### Work request
Exactly and only the lines below from the one containing "内装 【居室】設計者のセンス" down to the one containing "议价拆机充新PLC主机模块CP1HX40DTDSC维修" are wanted, both included; please exclude every picture.

──────── The input

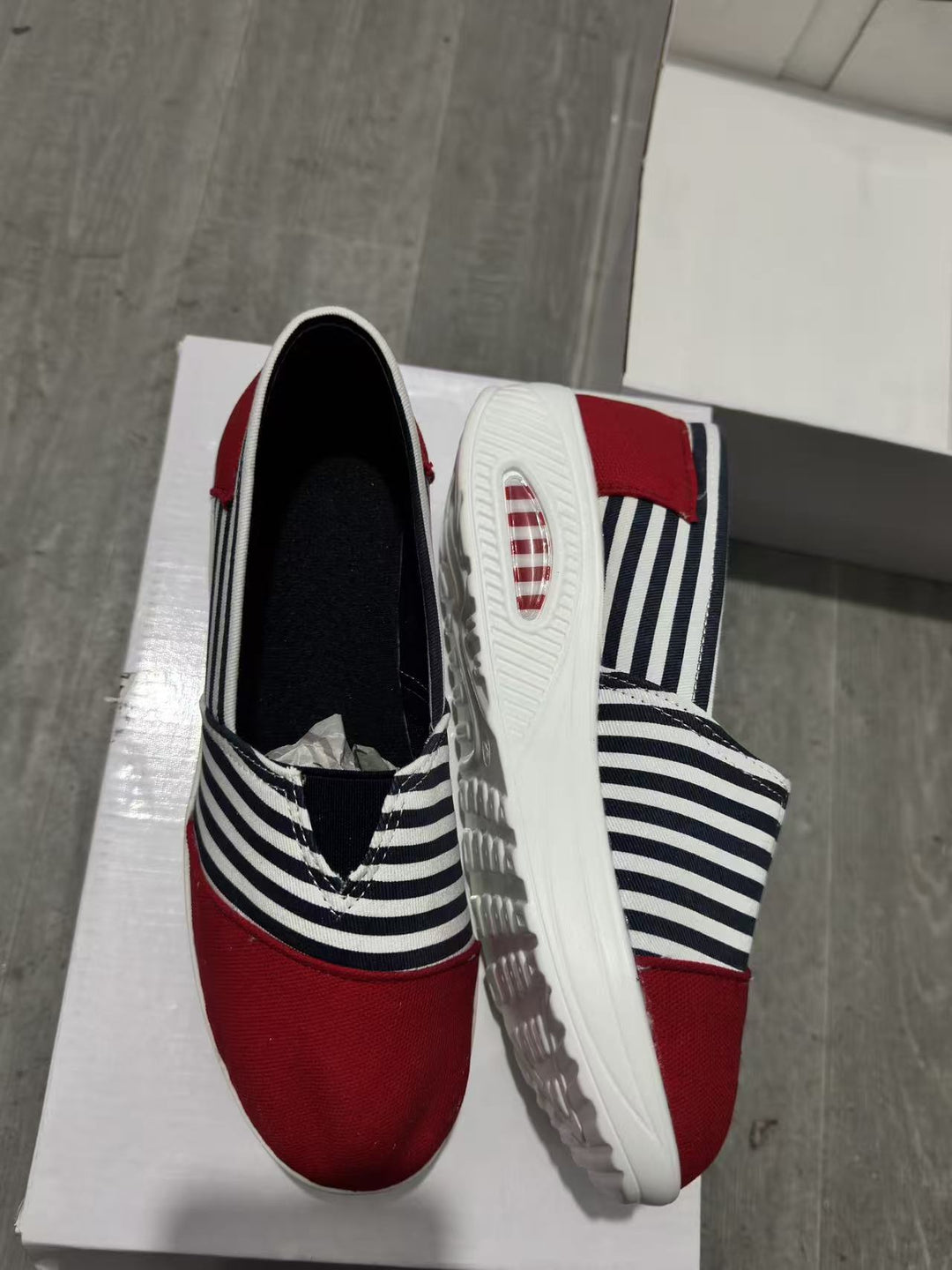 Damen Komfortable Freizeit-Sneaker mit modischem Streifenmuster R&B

────────────────
──────── The input

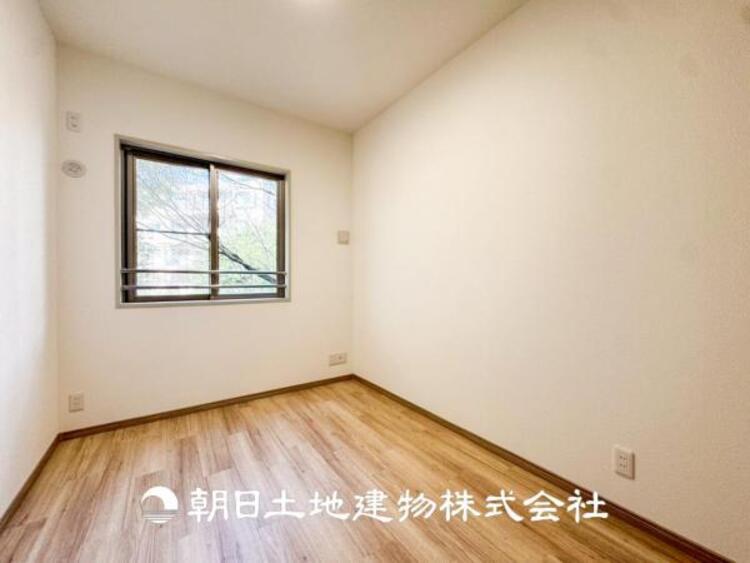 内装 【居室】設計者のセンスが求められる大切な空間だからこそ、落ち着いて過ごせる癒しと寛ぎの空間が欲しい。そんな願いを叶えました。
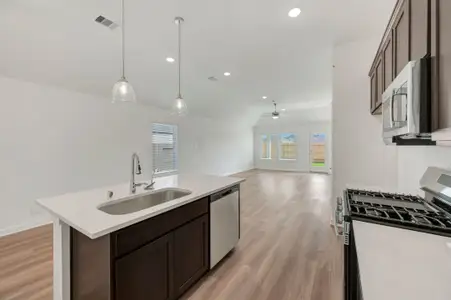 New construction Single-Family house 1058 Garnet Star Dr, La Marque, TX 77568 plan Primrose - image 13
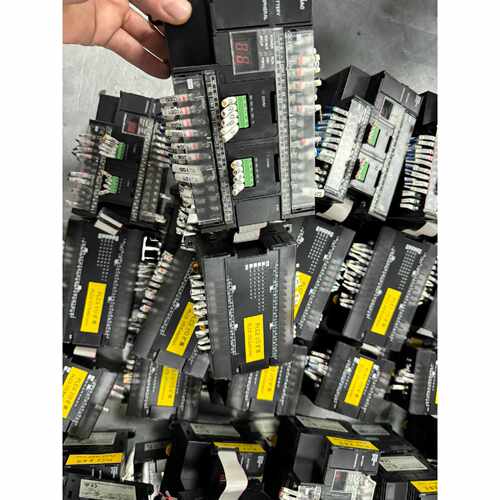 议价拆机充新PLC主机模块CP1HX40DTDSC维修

────────────────
──────── The input

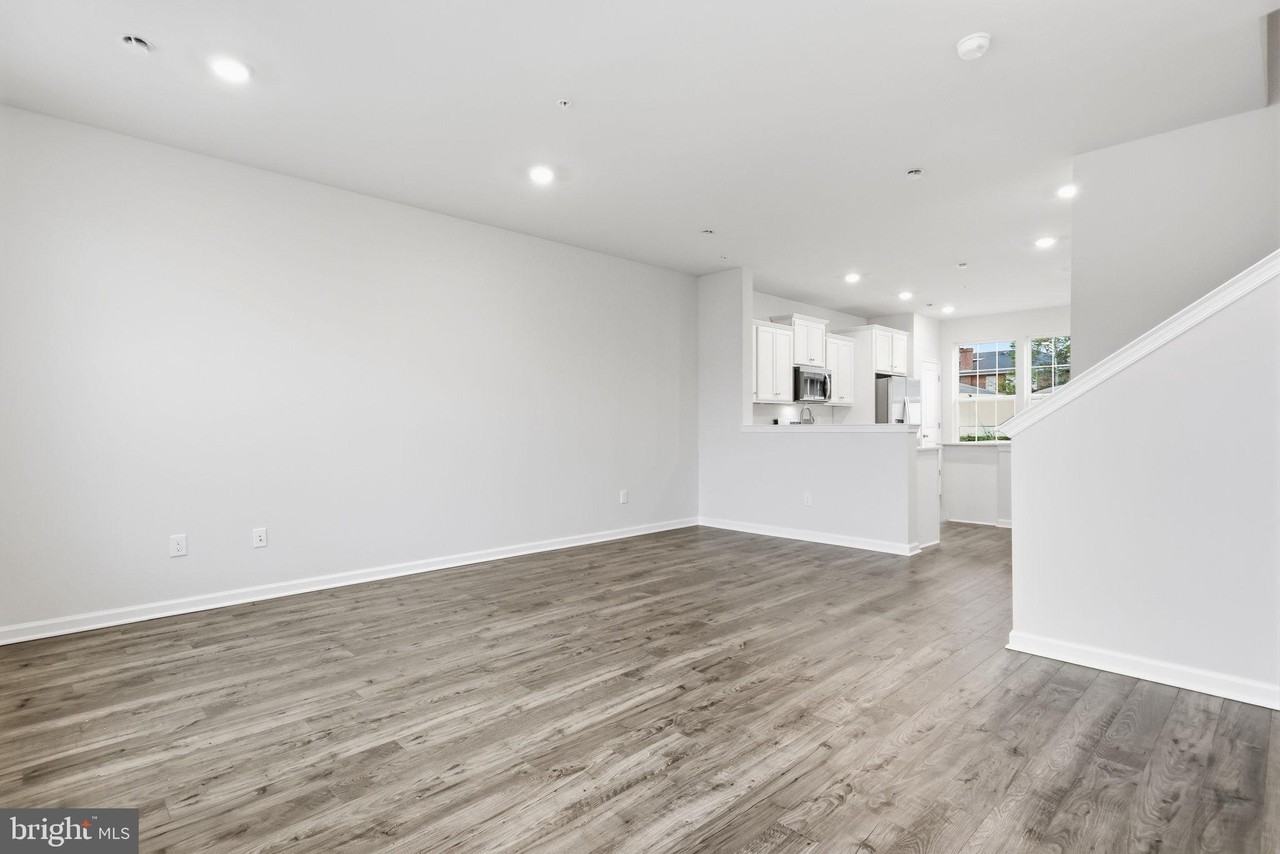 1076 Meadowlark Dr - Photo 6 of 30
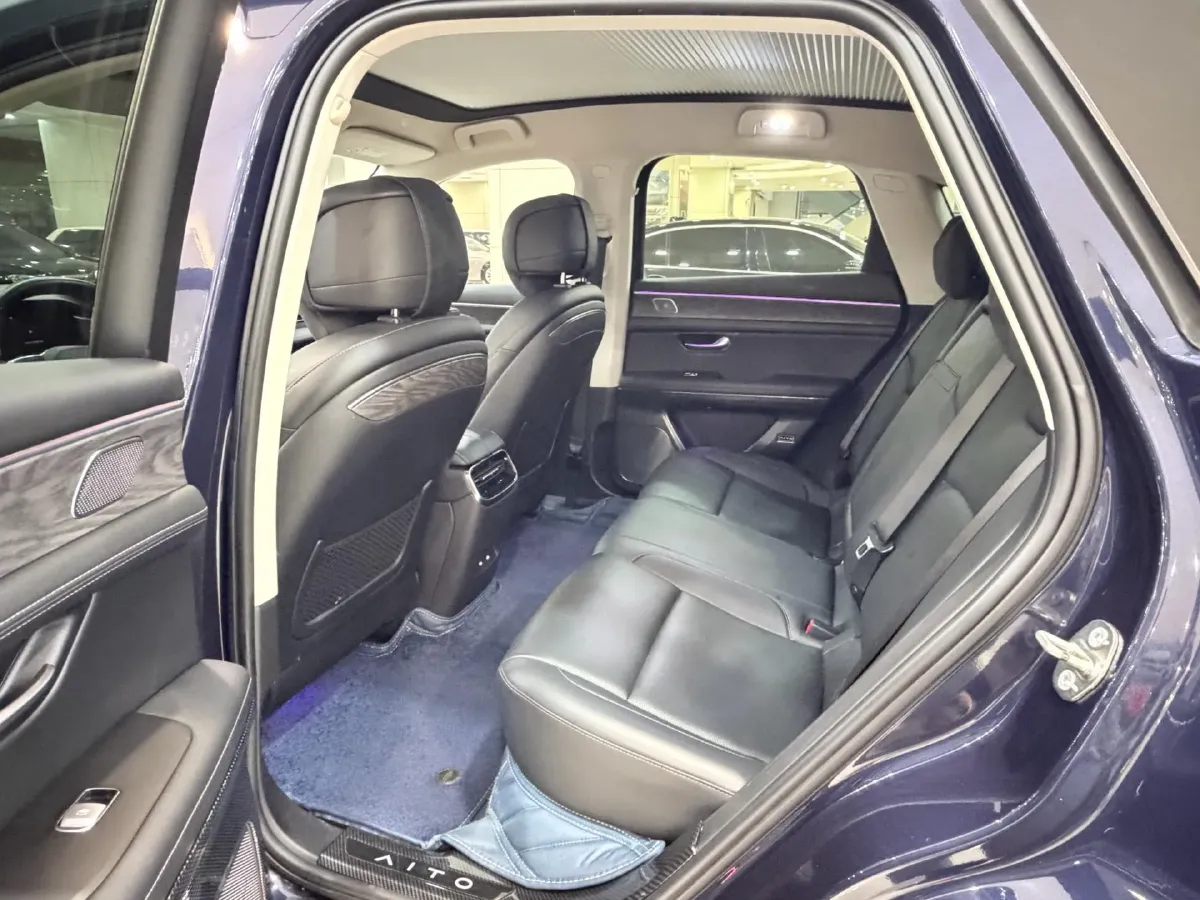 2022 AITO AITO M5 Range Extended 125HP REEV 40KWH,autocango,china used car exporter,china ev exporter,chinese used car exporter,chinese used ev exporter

────────────────

### Exercise output
 内装 【居室】設計者のセンスが求められる大切な空間だからこそ、落ち着いて過ごせる癒しと寛ぎの空間が欲しい。そんな願いを叶えました。
 New construction Single-Family house 1058 Garnet Star Dr, La Marque, TX 77568 plan Primrose - image 13
 议价拆机充新PLC主机模块CP1HX40DTDSC维修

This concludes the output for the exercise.